ENTRIES SUPPLIED —
---*---

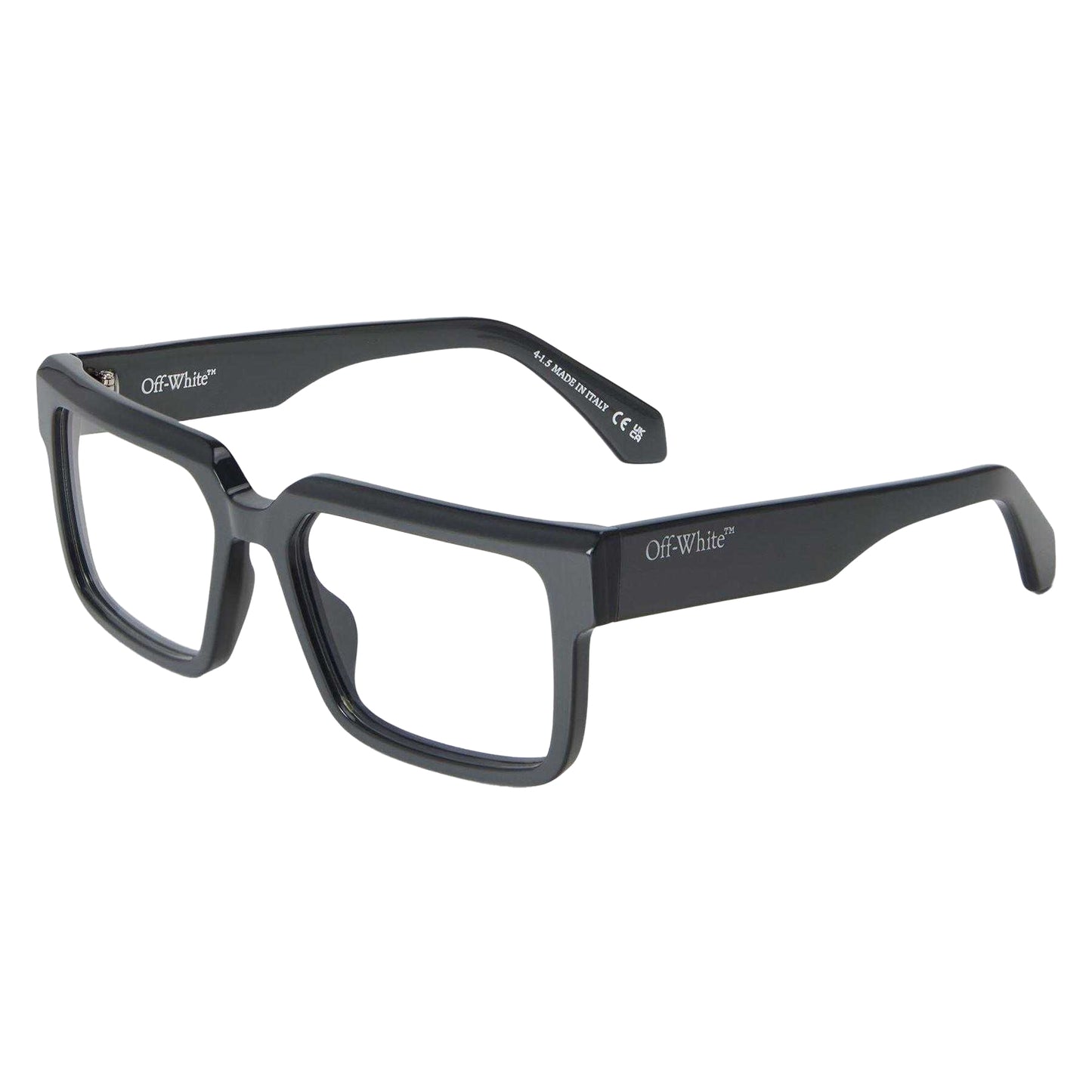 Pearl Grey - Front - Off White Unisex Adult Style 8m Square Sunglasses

---*---

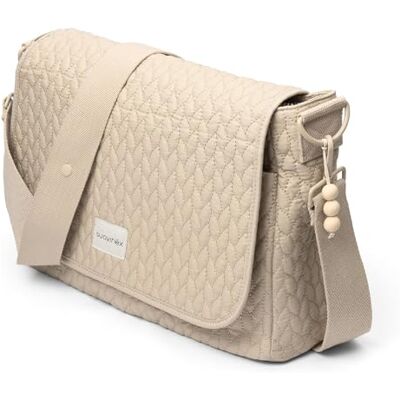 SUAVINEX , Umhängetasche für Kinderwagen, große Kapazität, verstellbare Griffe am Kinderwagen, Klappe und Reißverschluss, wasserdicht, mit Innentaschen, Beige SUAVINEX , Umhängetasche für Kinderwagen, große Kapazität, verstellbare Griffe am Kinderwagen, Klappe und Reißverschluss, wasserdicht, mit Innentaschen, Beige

---*---

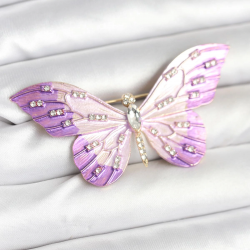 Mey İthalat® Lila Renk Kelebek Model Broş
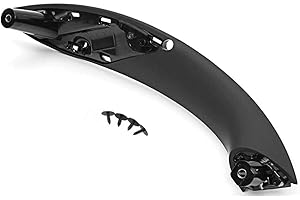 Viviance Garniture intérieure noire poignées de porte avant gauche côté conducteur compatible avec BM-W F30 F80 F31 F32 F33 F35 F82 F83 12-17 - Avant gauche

---*---

TRY IT —
Above are records with pictures. Reproduce exactly only the lines from the line with "Mey İthalat® Lila Renk Kelebek Model Broş" through the line with "Viviance Garniture intérieure", both ends included, and leave the pictures out.

RESPONSE TO THIS EXERCISE —
 Mey İthalat® Lila Renk Kelebek Model Broş
 Viviance Garniture intérieure noire poignées de porte avant gauche côté conducteur compatible avec BM-W F30 F80 F31 F32 F33 F35 F82 F83 12-17 - Avant gauche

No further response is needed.